Filmed interviews with participating artists during the event provided deeper insights into their stories. Distributed through the theatre’s social channels and the Council’s two outdoor screens in public squares, these interviews will contribute to ongoing dialogue between Indigenous and non–Indigenous Australians, promoting Aboriginal and Torres Strait Islander art and culture to a broader audience.

The project’s impact extends beyond its immediate scope, symbolising a strengthened collaboration between the City of Greater Dandenong and the Bunurong Land Council. This collaboration transcends Wominjeka to larger public art projects like Muderra Way, a railway mural celebrating Bunurong culture and the renaming of Council’s Link Road to Muderra Way. Muderra means torrential rain in Boonwurrung language and provides a platform for visual storytelling.

By fostering cultural exchange, combining physical and digital engagement, and reinforcing positive relationships, the Wominjeka Project stands as an outstanding example of Aboriginal and Torres Strait Islander initiatives in local government, contributing to the well–being and recognition of the Indigenous community.

About the Category

The ‘Indigenous Recognition’ category recognises Indigenous initiatives and employees in local government which:

  • have representation of Indigenous people in their community and inform local government activities and policies;
  • overcome inequality between Indigenous and non-Indigenous peoples through community-based policies and programs that are done in partnership with local Indigenous people;
  • have explicit Indigenous employment goals, strategies and support mechanisms such as Indigenous cadetship programs, mentoring and cultural awareness initiatives; and/or
  • make a difference to their community and workplace by delivering high quality initiatives and outcomes.

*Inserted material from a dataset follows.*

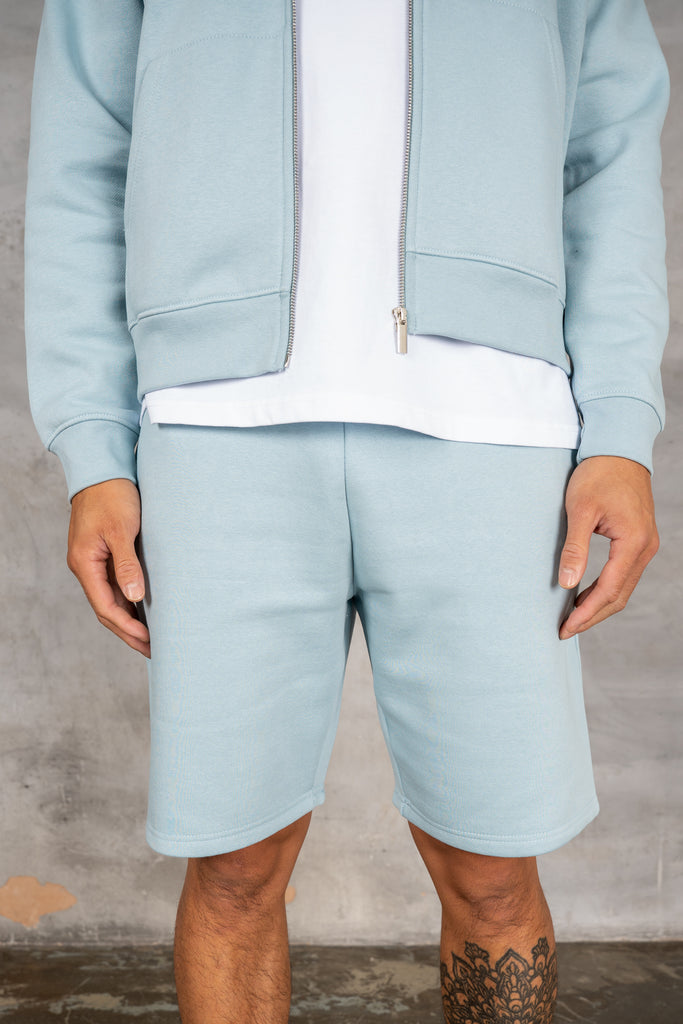 Relaxed Fit Shorts - Light Blue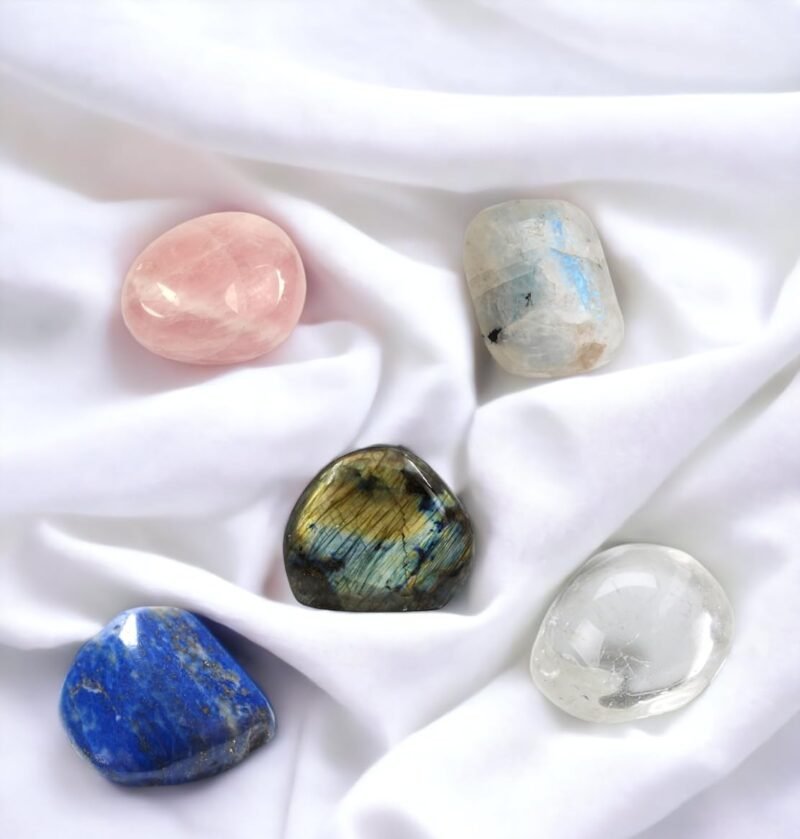 Zodiac Natural Crystal Tumble Set Libra Zodiac Sun Sign Premium Birthstone Gemstone Tumble Crystal Kit for Healing Meditation Financial Abundance and Good Luck - Image 3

Successful initiatives in this award category benefit communities by:

  • bringing together Indigenous and non-Indigenous peoples and communities to share skills and experiences;
  • undertaking initiatives that reinforce, strengthen, and promote Indigenous culture, traditions and languages;
  • raising awareness and understanding of the importance of Aboriginal and Torres Strait Islander languages and culture; and/or
  • building positive and productive relationships between Indigenous and non-Indigenous Australians through policies and programs.